*TASK INPUT*:
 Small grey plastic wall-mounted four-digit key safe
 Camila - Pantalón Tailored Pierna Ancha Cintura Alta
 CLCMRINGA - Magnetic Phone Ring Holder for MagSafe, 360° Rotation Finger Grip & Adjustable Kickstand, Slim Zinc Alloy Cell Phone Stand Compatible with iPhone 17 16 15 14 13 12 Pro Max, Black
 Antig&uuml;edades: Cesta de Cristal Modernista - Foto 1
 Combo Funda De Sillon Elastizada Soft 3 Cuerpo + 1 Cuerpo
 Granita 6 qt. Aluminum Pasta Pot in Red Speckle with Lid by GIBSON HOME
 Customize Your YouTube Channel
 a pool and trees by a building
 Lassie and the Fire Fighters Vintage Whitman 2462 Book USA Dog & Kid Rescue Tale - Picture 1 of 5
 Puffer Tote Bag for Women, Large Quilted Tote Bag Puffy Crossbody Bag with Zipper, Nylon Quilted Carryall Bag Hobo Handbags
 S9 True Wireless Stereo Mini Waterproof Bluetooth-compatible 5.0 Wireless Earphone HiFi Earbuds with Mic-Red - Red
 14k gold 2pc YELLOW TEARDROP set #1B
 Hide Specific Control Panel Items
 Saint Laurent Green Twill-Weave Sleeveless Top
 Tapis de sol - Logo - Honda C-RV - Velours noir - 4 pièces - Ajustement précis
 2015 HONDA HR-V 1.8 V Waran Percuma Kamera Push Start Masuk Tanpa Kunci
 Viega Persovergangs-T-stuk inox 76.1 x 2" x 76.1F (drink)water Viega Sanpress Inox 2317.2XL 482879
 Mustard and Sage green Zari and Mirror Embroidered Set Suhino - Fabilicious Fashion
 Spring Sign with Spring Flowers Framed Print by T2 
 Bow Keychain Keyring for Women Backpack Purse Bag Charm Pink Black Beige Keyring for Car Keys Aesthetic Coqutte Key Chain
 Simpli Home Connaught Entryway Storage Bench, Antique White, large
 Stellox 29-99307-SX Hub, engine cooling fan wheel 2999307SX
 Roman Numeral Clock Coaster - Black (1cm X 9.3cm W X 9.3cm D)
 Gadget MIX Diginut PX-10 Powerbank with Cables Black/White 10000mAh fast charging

*TASK PROMPT*: Copy out, word for word, the part of the entries above that begins at the line with "Combo Funda De" and ends at the line with "Puffer Tote Bag", including both.

*YOUR RESPONSE*:
 Combo Funda De Sillon Elastizada Soft 3 Cuerpo + 1 Cuerpo
 Granita 6 qt. Aluminum Pasta Pot in Red Speckle with Lid by GIBSON HOME
 Customize Your YouTube Channel
 a pool and trees by a building
 Lassie and the Fire Fighters Vintage Whitman 2462 Book USA Dog & Kid Rescue Tale - Picture 1 of 5
 Puffer Tote Bag for Women, Large Quilted Tote Bag Puffy Crossbody Bag with Zipper, Nylon Quilted Carryall Bag Hobo Handbags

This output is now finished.